▶ _WORK INSTRUCTIONS_
Your answer must be the lines from the one containing "Planche À Découper" through the last line below, copied exactly, with no pictures.

▶ _DATA UNDER STUDY_
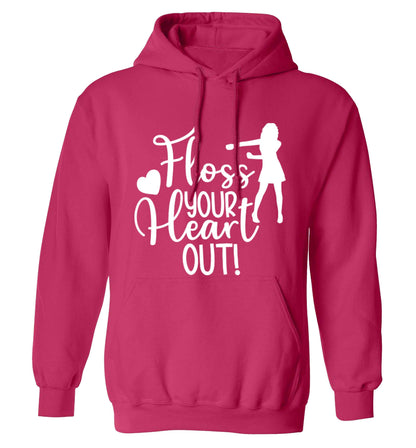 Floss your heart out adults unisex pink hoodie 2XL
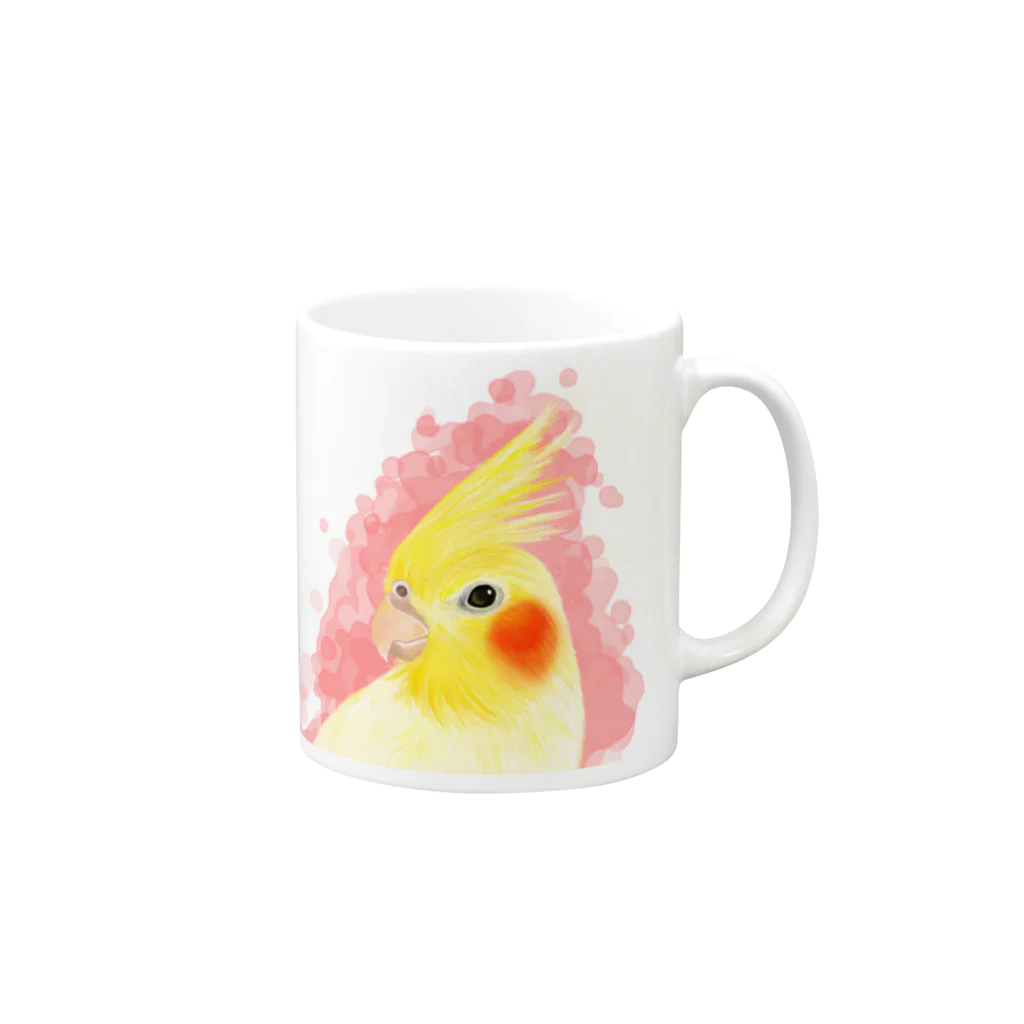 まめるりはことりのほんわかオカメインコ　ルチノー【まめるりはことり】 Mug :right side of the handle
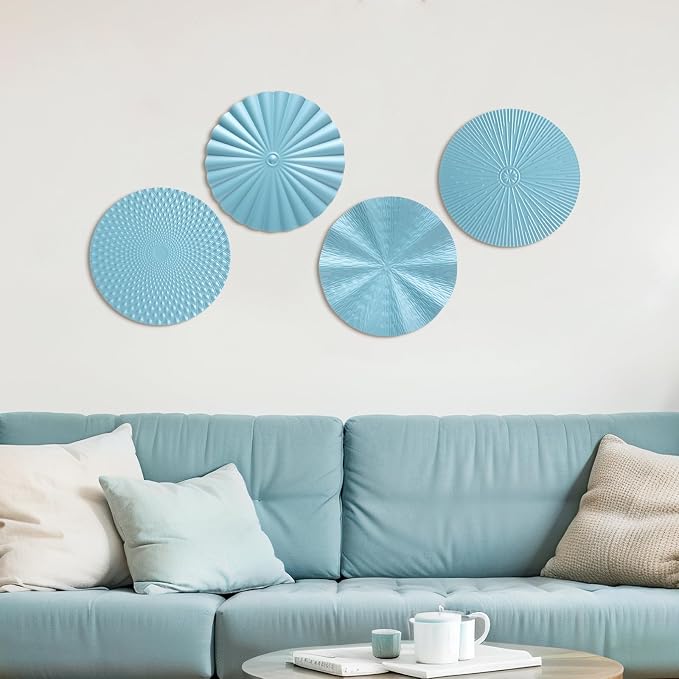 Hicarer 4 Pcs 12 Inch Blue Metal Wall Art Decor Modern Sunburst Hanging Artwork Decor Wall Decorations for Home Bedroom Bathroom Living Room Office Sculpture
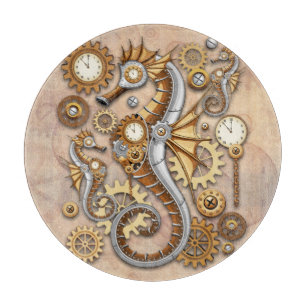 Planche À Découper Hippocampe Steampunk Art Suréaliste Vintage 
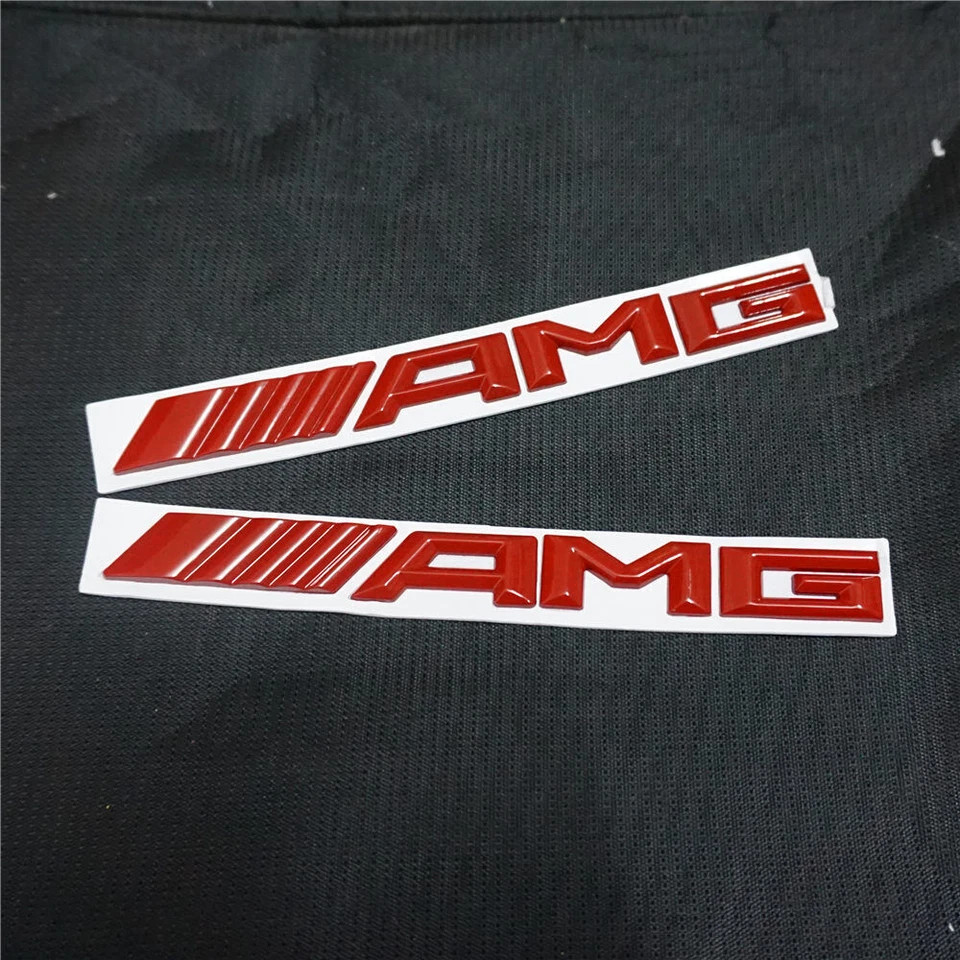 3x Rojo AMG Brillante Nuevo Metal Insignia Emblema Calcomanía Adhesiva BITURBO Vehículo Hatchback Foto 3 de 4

▶ _TASK SOLUTION_
 Planche À Découper Hippocampe Steampunk Art Suréaliste Vintage 
 3x Rojo AMG Brillante Nuevo Metal Insignia Emblema Calcomanía Adhesiva BITURBO Vehículo Hatchback Foto 3 de 4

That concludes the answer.